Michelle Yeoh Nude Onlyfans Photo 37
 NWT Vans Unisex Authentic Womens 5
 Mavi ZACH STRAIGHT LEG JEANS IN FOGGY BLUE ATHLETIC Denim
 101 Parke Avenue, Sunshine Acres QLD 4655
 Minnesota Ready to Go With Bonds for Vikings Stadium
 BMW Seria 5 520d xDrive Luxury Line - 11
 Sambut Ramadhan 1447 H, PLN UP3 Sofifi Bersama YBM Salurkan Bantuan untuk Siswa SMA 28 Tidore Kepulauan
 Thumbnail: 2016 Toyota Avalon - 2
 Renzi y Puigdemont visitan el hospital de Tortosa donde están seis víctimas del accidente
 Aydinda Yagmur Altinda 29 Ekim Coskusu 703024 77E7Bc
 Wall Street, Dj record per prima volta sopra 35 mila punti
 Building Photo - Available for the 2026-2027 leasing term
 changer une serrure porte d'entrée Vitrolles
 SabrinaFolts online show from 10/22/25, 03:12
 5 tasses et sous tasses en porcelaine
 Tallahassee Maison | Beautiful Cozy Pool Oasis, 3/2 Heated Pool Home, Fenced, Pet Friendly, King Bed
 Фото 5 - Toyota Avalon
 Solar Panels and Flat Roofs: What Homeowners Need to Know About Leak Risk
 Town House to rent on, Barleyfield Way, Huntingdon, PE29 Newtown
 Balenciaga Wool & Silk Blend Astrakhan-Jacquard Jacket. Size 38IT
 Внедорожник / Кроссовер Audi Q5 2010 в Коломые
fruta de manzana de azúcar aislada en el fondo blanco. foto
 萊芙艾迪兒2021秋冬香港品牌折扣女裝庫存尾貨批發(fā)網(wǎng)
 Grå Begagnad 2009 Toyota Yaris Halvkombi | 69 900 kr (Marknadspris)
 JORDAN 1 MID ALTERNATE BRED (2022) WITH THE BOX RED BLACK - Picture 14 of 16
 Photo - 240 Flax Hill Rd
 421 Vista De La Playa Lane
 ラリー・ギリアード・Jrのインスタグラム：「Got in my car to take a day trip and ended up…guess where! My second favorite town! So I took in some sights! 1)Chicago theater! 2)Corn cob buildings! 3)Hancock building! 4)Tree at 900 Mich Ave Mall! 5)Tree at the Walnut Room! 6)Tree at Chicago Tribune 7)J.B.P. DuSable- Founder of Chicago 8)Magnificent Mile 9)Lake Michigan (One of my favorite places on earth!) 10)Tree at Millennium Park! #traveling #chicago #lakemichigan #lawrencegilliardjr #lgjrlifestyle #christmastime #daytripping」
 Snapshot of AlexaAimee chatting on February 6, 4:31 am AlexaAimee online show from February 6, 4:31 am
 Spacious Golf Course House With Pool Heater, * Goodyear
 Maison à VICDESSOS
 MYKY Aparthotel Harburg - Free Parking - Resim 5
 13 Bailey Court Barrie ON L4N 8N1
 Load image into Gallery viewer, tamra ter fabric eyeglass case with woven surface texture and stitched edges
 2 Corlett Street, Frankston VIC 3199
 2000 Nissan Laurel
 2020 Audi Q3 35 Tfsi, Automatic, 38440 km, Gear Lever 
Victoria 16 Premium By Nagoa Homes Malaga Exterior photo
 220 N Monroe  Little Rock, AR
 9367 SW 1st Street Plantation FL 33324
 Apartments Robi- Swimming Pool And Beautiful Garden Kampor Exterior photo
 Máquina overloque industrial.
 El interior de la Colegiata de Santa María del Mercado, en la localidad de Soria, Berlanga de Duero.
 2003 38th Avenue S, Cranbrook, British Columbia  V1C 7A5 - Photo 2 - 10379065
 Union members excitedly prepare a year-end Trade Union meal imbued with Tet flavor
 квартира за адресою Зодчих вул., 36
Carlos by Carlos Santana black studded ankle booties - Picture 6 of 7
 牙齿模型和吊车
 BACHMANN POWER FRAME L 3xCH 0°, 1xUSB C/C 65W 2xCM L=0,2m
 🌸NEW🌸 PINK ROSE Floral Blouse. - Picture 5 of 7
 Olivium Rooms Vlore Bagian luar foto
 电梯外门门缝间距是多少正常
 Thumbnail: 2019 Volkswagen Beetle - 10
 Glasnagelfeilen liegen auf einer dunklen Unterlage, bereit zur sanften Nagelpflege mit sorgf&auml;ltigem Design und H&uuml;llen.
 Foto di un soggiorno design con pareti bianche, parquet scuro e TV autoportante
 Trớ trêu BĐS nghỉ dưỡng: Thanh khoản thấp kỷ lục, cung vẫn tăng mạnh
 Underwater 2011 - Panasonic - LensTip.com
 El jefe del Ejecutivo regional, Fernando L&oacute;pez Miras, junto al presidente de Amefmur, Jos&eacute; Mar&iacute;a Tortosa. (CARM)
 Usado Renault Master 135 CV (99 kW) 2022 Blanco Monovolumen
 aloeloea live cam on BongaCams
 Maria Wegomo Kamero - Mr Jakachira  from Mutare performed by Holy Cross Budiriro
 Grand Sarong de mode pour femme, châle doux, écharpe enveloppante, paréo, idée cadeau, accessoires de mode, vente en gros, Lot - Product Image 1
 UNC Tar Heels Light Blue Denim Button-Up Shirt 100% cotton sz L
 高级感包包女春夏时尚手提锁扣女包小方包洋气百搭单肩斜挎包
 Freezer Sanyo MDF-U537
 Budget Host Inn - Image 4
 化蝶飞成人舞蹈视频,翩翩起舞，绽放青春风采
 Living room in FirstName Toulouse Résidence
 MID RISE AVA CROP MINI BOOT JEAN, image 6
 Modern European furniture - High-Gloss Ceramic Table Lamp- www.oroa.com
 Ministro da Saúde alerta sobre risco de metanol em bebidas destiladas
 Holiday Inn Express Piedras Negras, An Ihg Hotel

■ ■ ■ ■ ■

» **Instructions to follow**: Return only the lines between the one holding "Union members excitedly" and the one holding "aloeloea live cam on BongaCams", inclusive, exactly as they appear above.

» **Solution for this task**:
 Union members excitedly prepare a year-end Trade Union meal imbued with Tet flavor
 квартира за адресою Зодчих вул., 36
Carlos by Carlos Santana black studded ankle booties - Picture 6 of 7
 牙齿模型和吊车
 BACHMANN POWER FRAME L 3xCH 0°, 1xUSB C/C 65W 2xCM L=0,2m
 🌸NEW🌸 PINK ROSE Floral Blouse. - Picture 5 of 7
 Olivium Rooms Vlore Bagian luar foto
 电梯外门门缝间距是多少正常
 Thumbnail: 2019 Volkswagen Beetle - 10
 Glasnagelfeilen liegen auf einer dunklen Unterlage, bereit zur sanften Nagelpflege mit sorgf&auml;ltigem Design und H&uuml;llen.
 Foto di un soggiorno design con pareti bianche, parquet scuro e TV autoportante
 Trớ trêu BĐS nghỉ dưỡng: Thanh khoản thấp kỷ lục, cung vẫn tăng mạnh
 Underwater 2011 - Panasonic - LensTip.com
 El jefe del Ejecutivo regional, Fernando L&oacute;pez Miras, junto al presidente de Amefmur, Jos&eacute; Mar&iacute;a Tortosa. (CARM)
 Usado Renault Master 135 CV (99 kW) 2022 Blanco Monovolumen
 aloeloea live cam on BongaCams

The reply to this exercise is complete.